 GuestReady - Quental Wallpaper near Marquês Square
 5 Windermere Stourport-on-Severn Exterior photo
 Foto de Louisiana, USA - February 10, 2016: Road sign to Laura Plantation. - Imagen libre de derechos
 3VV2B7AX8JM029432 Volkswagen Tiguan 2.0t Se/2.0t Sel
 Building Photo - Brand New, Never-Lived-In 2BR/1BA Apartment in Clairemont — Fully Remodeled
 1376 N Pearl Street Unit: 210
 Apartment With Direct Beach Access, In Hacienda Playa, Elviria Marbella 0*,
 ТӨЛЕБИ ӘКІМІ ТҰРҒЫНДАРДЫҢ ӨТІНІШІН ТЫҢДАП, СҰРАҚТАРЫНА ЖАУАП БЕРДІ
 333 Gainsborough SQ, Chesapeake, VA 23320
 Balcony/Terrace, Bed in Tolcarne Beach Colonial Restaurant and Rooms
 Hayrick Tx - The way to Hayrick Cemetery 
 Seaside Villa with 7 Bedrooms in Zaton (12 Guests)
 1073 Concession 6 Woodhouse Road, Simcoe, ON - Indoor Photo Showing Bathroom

● **What is needed**: What the task asks for is a word-for-word repeat of the lines above, from the first through the one containing "Hayrick Tx - The way to Hayrick Cemetery".

● **Task solution**:
 GuestReady - Quental Wallpaper near Marquês Square
 5 Windermere Stourport-on-Severn Exterior photo
 Foto de Louisiana, USA - February 10, 2016: Road sign to Laura Plantation. - Imagen libre de derechos
 3VV2B7AX8JM029432 Volkswagen Tiguan 2.0t Se/2.0t Sel
 Building Photo - Brand New, Never-Lived-In 2BR/1BA Apartment in Clairemont — Fully Remodeled
 1376 N Pearl Street Unit: 210
 Apartment With Direct Beach Access, In Hacienda Playa, Elviria Marbella 0*,
 ТӨЛЕБИ ӘКІМІ ТҰРҒЫНДАРДЫҢ ӨТІНІШІН ТЫҢДАП, СҰРАҚТАРЫНА ЖАУАП БЕРДІ
 333 Gainsborough SQ, Chesapeake, VA 23320
 Balcony/Terrace, Bed in Tolcarne Beach Colonial Restaurant and Rooms
 Hayrick Tx - The way to Hayrick Cemetery 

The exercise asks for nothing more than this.